The problem: Please set the lines down again exactly, from the top of the entries through the line that contains "Making summer vegetable agebitashi Making".

◇ ◇ ◇ ◇

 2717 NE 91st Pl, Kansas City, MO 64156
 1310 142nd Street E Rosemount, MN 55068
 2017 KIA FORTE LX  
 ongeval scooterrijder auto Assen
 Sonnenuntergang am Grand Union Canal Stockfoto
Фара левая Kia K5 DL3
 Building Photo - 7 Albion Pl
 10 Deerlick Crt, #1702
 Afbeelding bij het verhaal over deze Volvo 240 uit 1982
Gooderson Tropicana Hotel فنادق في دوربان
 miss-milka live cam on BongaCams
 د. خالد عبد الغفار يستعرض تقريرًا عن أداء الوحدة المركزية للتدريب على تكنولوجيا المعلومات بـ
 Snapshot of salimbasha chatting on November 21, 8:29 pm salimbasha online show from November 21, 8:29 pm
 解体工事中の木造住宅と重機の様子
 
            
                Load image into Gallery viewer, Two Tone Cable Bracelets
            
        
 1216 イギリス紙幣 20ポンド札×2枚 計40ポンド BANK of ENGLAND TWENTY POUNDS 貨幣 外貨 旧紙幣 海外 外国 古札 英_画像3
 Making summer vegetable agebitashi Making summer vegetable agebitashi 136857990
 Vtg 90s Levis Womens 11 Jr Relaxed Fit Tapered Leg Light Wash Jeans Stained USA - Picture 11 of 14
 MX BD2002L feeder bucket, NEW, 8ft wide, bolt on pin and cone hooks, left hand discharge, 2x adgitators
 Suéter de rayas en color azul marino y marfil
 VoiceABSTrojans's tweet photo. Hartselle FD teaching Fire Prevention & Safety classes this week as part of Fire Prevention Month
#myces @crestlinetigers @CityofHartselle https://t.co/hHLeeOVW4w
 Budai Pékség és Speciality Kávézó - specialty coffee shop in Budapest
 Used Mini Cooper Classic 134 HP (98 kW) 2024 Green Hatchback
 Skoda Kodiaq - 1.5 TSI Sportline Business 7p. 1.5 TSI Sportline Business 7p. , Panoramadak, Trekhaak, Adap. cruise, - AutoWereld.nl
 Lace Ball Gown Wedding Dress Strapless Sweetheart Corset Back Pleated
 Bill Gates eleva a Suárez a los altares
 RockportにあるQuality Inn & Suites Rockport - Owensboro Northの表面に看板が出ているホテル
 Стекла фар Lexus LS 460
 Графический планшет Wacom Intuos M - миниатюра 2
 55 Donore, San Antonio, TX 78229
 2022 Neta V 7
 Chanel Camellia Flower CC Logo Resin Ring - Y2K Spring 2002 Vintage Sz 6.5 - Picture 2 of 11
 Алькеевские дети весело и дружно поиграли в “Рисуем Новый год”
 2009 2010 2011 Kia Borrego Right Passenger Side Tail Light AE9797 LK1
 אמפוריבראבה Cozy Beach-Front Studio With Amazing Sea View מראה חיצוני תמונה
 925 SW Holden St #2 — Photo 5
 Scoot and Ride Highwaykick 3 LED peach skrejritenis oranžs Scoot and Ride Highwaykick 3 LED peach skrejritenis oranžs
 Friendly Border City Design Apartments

◇ ◇ ◇ ◇

Result for this task:
 2717 NE 91st Pl, Kansas City, MO 64156
 1310 142nd Street E Rosemount, MN 55068
 2017 KIA FORTE LX  
 ongeval scooterrijder auto Assen
 Sonnenuntergang am Grand Union Canal Stockfoto
Фара левая Kia K5 DL3
 Building Photo - 7 Albion Pl
 10 Deerlick Crt, #1702
 Afbeelding bij het verhaal over deze Volvo 240 uit 1982
Gooderson Tropicana Hotel فنادق في دوربان
 miss-milka live cam on BongaCams
 د. خالد عبد الغفار يستعرض تقريرًا عن أداء الوحدة المركزية للتدريب على تكنولوجيا المعلومات بـ
 Snapshot of salimbasha chatting on November 21, 8:29 pm salimbasha online show from November 21, 8:29 pm
 解体工事中の木造住宅と重機の様子
 
            
                Load image into Gallery viewer, Two Tone Cable Bracelets
            
        
 1216 イギリス紙幣 20ポンド札×2枚 計40ポンド BANK of ENGLAND TWENTY POUNDS 貨幣 外貨 旧紙幣 海外 外国 古札 英_画像3
 Making summer vegetable agebitashi Making summer vegetable agebitashi 136857990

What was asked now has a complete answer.